This repository contains preprocessed Python functions and docstrings for automated code documentation (code2doc) and automated code generation (doc2code) tasks.
The code-docstring-corpus version 2, with class declarations, class methods, module docstrings and commit SHAs is now available in the directory V2
The dependencies can be installed using
pip install -r requirements.txt
We release a parallel corpus of 150370 triples of function declarations, function docstrings and function bodies. We include multiple corpus splits, and an additional "monolingual" code-only corpus with corresponding synthetically generated docstrings.
The corpora were assembled by scraping from open source GitHub repository with the GitHub scraper used by Bhoopchand et al. (2016) "Learning Python Code Suggestion with a Sparse Pointer Network" (paper: https://arxiv.org/abs/1611.08307 - code: https://github.com/uclmr/pycodesuggest ) .
The Python code was then preprocessed to normalize the syntax, extract top-level functions, remove comments and semantically irrelevant whitespaces, and separate declarations, docstrings (if present) and bodies. We did not extract classes and their methods.

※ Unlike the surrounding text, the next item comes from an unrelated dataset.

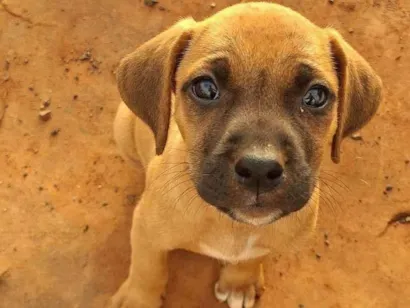 Cachorro raça SRD-ViraLata idade Abaixo de 2 meses nome Sem nome ainda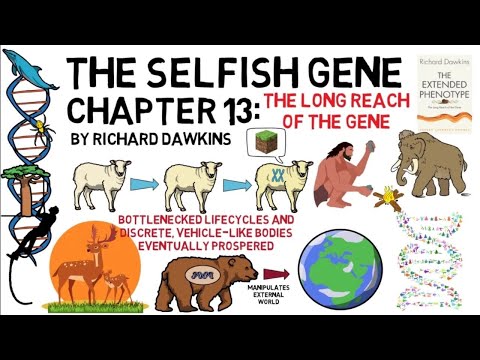 THE SELFISH GENE The Selfish Gene Chapter 13: The Long Reach of the Gene (by Richard Dawkins)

|parallel-corpus||Main parallel corpus with a canonical split in 109108 training triples, 2000 validation triples and 2000 test triples. Each triple is annotated by metadata (repository owner, repository name, source file and line number). Also two versions of the above corpus reassembled into pairs: (declaration+body, docstring) and (declaration+docstring, body), for code documentation tasks and code generation tasks, respectively. You may refer to the Readme in this folder for descriptions about escape tokens|
|code-only-corpus||A code-only corpus of 161630 pairs of function declarations and function bodies, annotated with metadata.|
|backtranslations-corpus||A corpus of docstrings automatically generated from the code-only corpus using Neural Machine Translation, to enable data augmentation by "backtranslation"|
|nmt-outputs||Test and validation outputs of the baseline Neural Machine Translation models.|
|repo_split.parallel-corpus||An alternate train/validation/test split of the parallel corpus which is "repository-consistent": no repository is split between training, validation or test sets.|
|repo_split.code-only-corpus||A "repository-consistent" filtered version of the code-only corpus: it only contains fragments which appear in the training set of the above repository.|
|scripts||Preprocessing scripts used to generate the corpora.|
|V2||code-docstring-corpus version 2, with class declarations, class methods, module docstrings and commit SHAs.|
In order to compute baseline results, the data from the canonical split (parallel-corpus directory) was further sub-tokenized using Sennrich et al. (2016) "Byte Pair Encoding" (paper: https://arxiv.org/abs/1508.07909 - code: https://github.com/rsennrich/subword-nmt ). Finally, we trained baseline Neural Machine Translation models for both the code2doc and the doc2code tasks using Nematus (Sennrich et al. 2017, paper: https://arxiv.org/abs/1703.04357 - code: https://github.com/rsennrich/nematus ).
Baseline outputs are available in the nmt-outputs directory.
We also used the code2doc model to generate the docstring corpus from the code-only corpus which is available in the backtranslations-corpus directory.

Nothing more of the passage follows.